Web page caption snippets

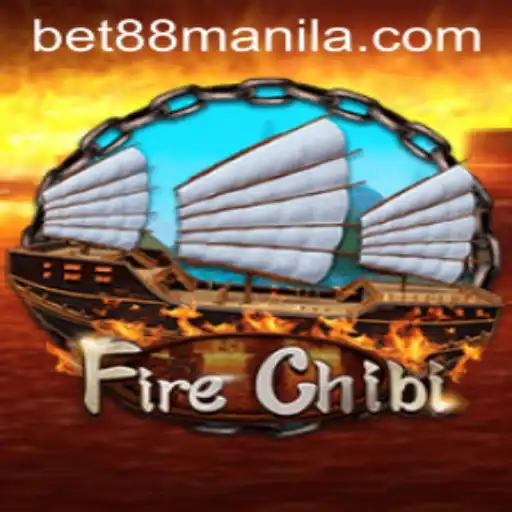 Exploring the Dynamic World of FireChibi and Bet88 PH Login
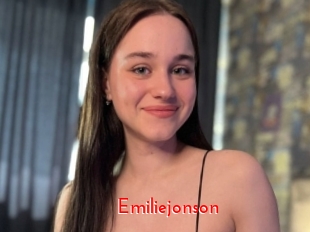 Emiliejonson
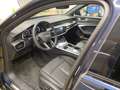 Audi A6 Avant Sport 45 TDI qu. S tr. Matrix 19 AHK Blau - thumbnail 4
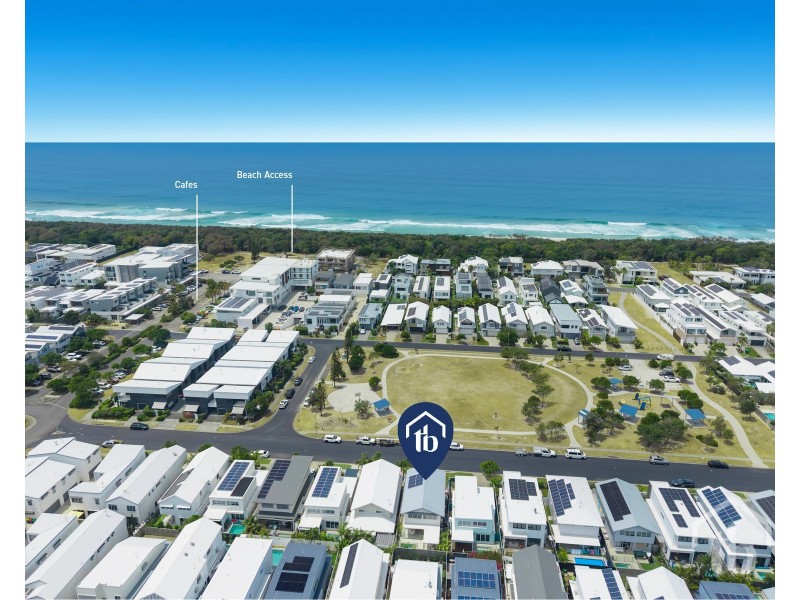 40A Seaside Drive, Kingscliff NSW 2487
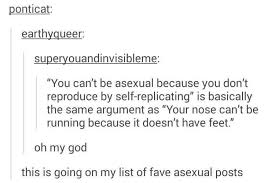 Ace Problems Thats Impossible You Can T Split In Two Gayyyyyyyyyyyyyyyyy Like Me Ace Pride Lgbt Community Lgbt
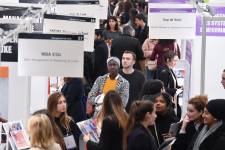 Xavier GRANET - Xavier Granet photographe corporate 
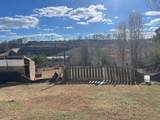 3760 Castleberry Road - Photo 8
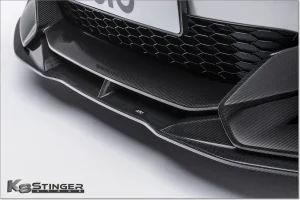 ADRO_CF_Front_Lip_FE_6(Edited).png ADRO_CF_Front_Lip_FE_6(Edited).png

YOUR INSTRUCTIONS: Please repeat the data verbatim and leave the pictures out of your copy.

RESPONSE FOR THIS EXERCISE:
 Exploring the Dynamic World of FireChibi and Bet88 PH Login
 Emiliejonson
 Audi A6 Avant Sport 45 TDI qu. S tr. Matrix 19 AHK Blau - thumbnail 4
 40A Seaside Drive, Kingscliff NSW 2487
 Ace Problems Thats Impossible You Can T Split In Two Gayyyyyyyyyyyyyyyyy Like Me Ace Pride Lgbt Community Lgbt
 Xavier GRANET - Xavier Granet photographe corporate 
 3760 Castleberry Road - Photo 8
 ADRO_CF_Front_Lip_FE_6(Edited).png ADRO_CF_Front_Lip_FE_6(Edited).png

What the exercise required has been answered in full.